The language in Ron Feldman's April 2 opinion piece ("Just like financial crisis, testing can save us") is dangerously misleading. In seeking parallels between the coronavirus pandemic and the financial crisis of about 10 years ago, Feldman writes about a "contagious" risk that spread throughout the banking industry and made some banks "sick."

But financial institutions didn't get "sick" and need taxpayer bailouts because somebody sneezed in their face. They got "sick" because they were unethical, perfectly willing to give out bad loans as long as they got their cut and then passed the bad paper onto somebody else.

This pandemic is doing enough damage as it is. Let's not make it even worse by using deceptive metaphors that hide blame and let bad actors, in this case irresponsible financial institutions, slide off the hook.

Steve Schild, Winona, Minn.
TRUMP

He avoided the worst choice. So?

A note to our president: The fact that you could have made worse decisions does not mean that the decisions you did make were good ones. Please use precious time and energy trying to save lives rather than trying to save your reputation.

Charles Morrill, Edina
EDUCATION

To new 'techie' teachers: Thanks

I read with special interest Nora Wise's commentary in the April 1 Star Tribune titled "I'm a teacher, not a techie." I am a retired high school teacher and can't imagine what it would be like to present my courses online with two weeks' notice after several decades of teaching them in a classroom setting.

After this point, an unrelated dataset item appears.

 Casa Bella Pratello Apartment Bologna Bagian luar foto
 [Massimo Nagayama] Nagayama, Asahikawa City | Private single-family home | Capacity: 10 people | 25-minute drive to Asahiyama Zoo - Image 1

Hats off to Wise for facing this formidable challenge with a positive, can-do attitude. She realizes that she needs to make significant changes right away to meet the needs of her 150 students and that she needs all the help she can get because she is not a "techie." It is an "all hands on deck" moment that she must face head on, which she does with humility, hope and love to do the right things for her students.

I suspect that her students respect her enough so that any technological mistakes she makes will make little difference to them. Thank you for your service, Nora. America needs people like you now more than ever. Good luck.